13. z score -1.28 is closest to the area of the normal curve to the left being 0.1. (closest is 0.1003)

15. Looking for area to the left to be 0.75 because area to the right is 0.25 (1-0.25=0.75) and that is z score of is 0.67. This is the z score that is closest to the area to the right of the curve being 0.25 (to the right 0.75) and that is 0.7486 more specifically as the area to the left.

17. area of 0.005 has z score -2.57 and -2.58 closest to that area so average of that is -2.575 for z score 1. area of 0.995 has z score 2.57 and 2.58 closest to that area with average of 2.575 so z score 2 is 2.575. The z score for the middle 99% are z score for top and bottom 0.5% because 100%-99%= 1% and top and bottom have to be equal since 99% is in the middle and they have to complete the 100%. 0.005+0.995=1. The area to the right of z score 2 is also 0.005.

33. 9th percentile is 0.09% so need z score with area closest to 0.09 which is -1.34 z score with area 0.0901. This is (-1.34)(7 as standard deviation)+ 50 as mean = 40.62. Thus, the 9th percentile for X is x=40.62.

35. The same process as problem 33, the 81st percentile for X is x = 56.16

37.

shadenorm(mu = 21, sig = 1.0, below = -1000, col = "blue", dens=200)

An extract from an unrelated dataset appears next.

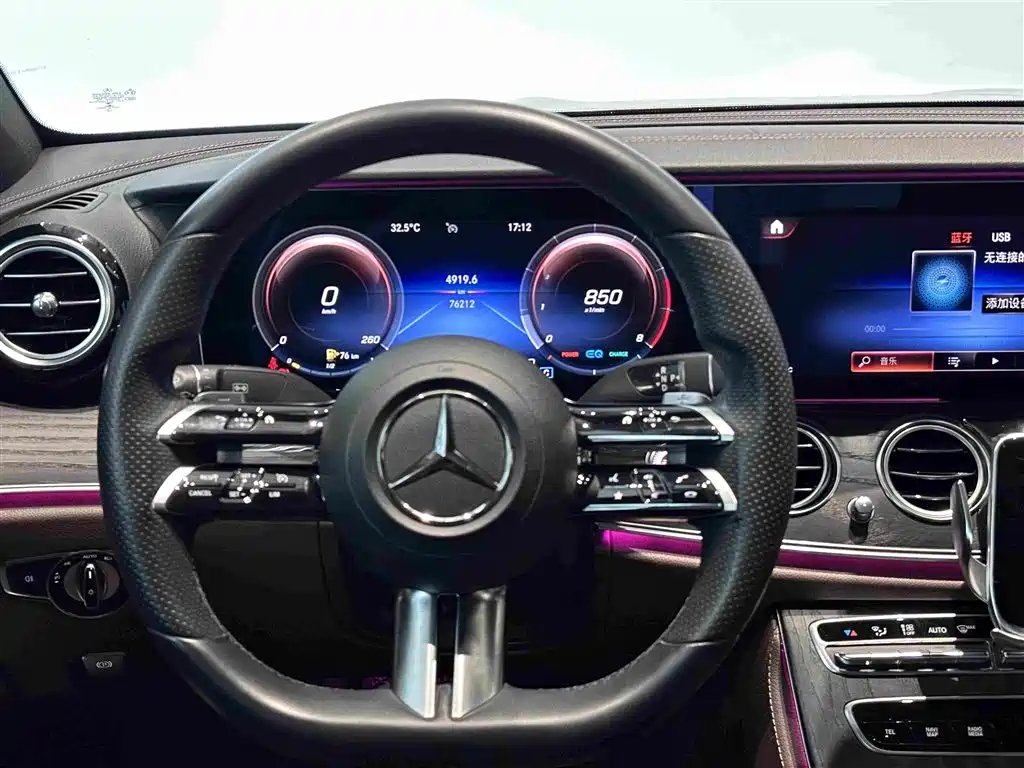 Mercedes-Benz E-Class — миниатюра 13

  1. z = 20-21/1 = -1. Area is 0.1587. less than 20 days so left. So, P(X<20)= 0.1587.
  2. z = 22-21/1 = 1. Area is 0.8413. Greater than 22 days so right. 1-o.8413 = 0.1587. So P(X>22)= 0.1587.
  3. P(19_< X 21_<)= 0.4772. Found area for z score -2 and 0 and found difference.
  4. It would be unusual becasue 18 days gives z score of -3 which is area to the left of 18 days so area is 0.0013 which is a very small probaiblity because that means that only 1 egg out of 1000 hatches in under 18 days.

39.

  1. difference between areas of z scores is 0.8658. So P(1000_<X_<1400) = 0.8658.
  2. P(X<1000)= 0.0132
  3. P(X>1200) = 0.7019
  4. P(X<0.1125) = 0.1230.
  5. Find z score, then area, and percetile is the percent version of the area. Here it is 96th percentile. The z score was 1.81 and the P(X<1475) = 0.9649.
  6. Percentile is 4th percentile and P(X<1050)=0.0359.

41.

  1. P(X>270) = 0.4013. Found score of 0.25, subtract that from 1 and then that area is the probability of more than 270 days.
  2. P(X<250)= 0.1587
  3. P(240_<X_<286)= 0.7590.
  4. P(X>280) = 0.1894
  5. P(X_<245)= 0.0951
  6. P(X<224) = 0.0043 and that is about 4 births in 1000 so yes a very preterm baby is unusual.

43.

  1. P (X<24.9) = 0.0764
  2. P (X<24.85 0r X>25.15) = 0.0324
  3. 0.0324 is 3.24% and 3.24% of 5000 is 162 that he should expect to discard.
  4. You need to make 11.504 because P(24.9_<X_<25.1)= 0.8472 so only 84.72% will be make correctly. So, you need 11,504 rods made so that 10,000 rods can be made correclty because given the probability, 84.72% of 11,504 will yeild you the desired 10,000 correct rods.